While the example does publicly inherit, it's a bit deceptive. I missed it the first time I read the example, and some guy in the edit history did too. Maybe should be more explicit by putting the public keyword in? 203.6.69.2 16:18, 4 March 2018 (PST)

[edit] Valid T types?

Experimenting on Godbolt, it appears that I can do struct S : std::enable_shared_from_this<const S> {};, allowing s->shared_from_this() to only produce a std::shared_ptr<const S>, which is nice. Also, it appears I can do

   struct X;
   struct B : std::enable_shared_from_this<X> {};
   struct X : B {};

which leads to B being constructible outside the context of shared pointers, but as soon as you turn it into a shared pointer with std::make_shared<B>() or std::shared_ptr<B>(new B), it won't compile (very reasonable!), but you can std::make_shared<X>() and std::shared_ptr<B>(new X). Are these behaviors guaranteed? Should we add such examples? BenFrantzDale (talk) 07:06, 13 July 2023 (PDT)
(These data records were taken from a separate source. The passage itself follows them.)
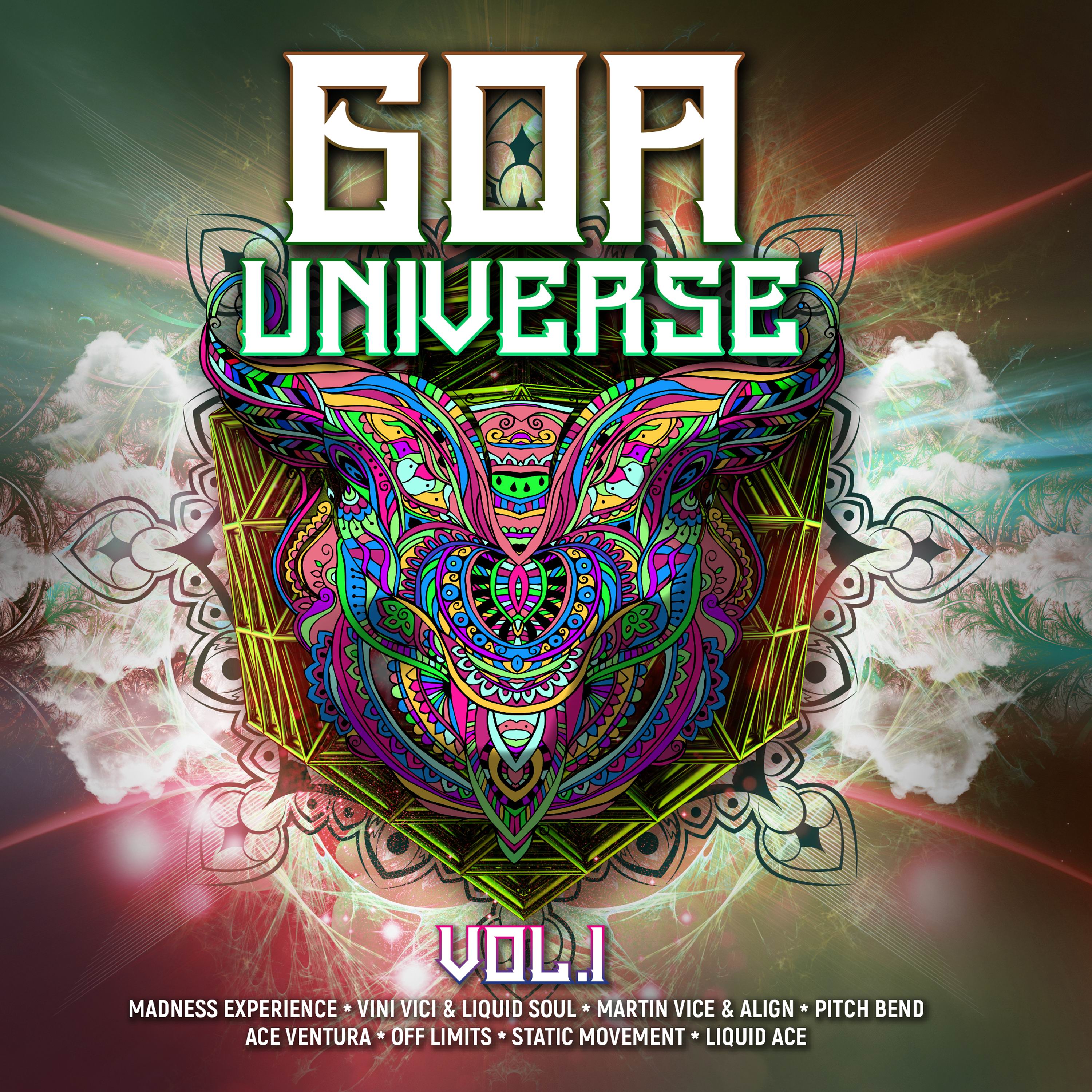 GOA UNIVERSE VOL. 1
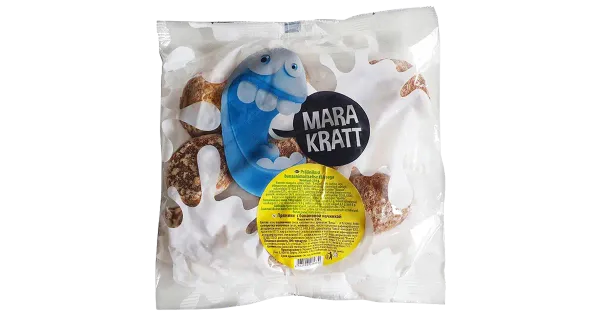 Marakratt präänik banaanimaitselise täidisega 250 g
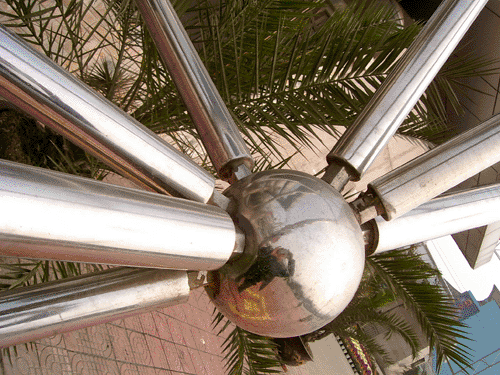 阜阳304不锈钢网架配件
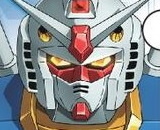 Metallic File GS9 RX-78-2 Gundam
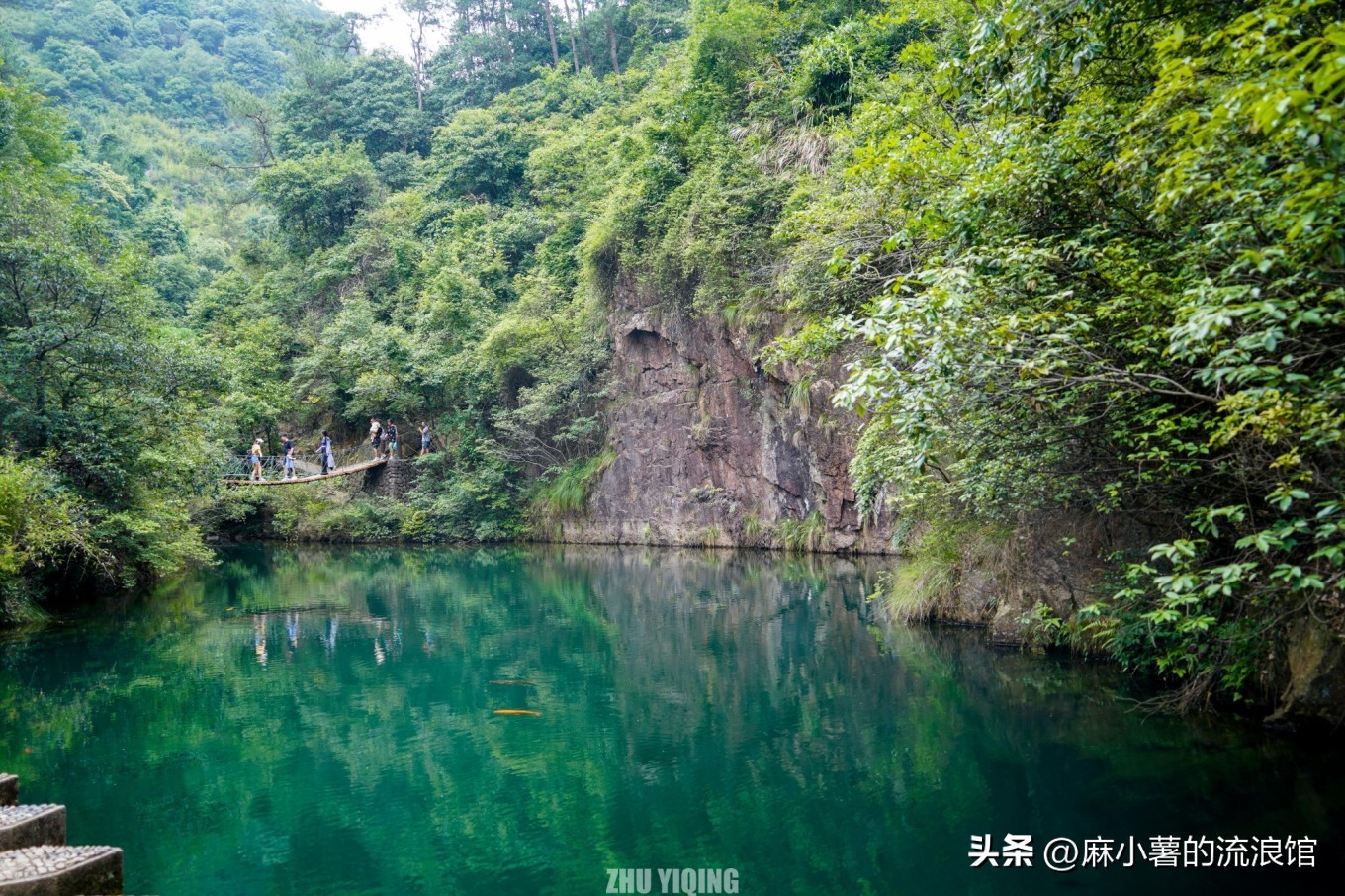 杭州桐庐大奇山二日游,杭州避暑胜地一日游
if it's not an established usage pattern (I don't think it is, I checked Debian Code search and found two cases of deriving from enable_shared_from_this<const T>: getfem and pdns), it seems excessive for an already large example dealing with intended use. As far as const T issues, it *might* be worth noting that calling shared_from_this in a const member function pops a shared_ptr<const T> (because it surprises some programmers - seen that on reddit and stackoverflow), but that probably belongs in cpp/memory/enable_shared_from_this/shared_from_this anyway. --Cubbi (talk) 12:48, 13 July 2023 (PDT)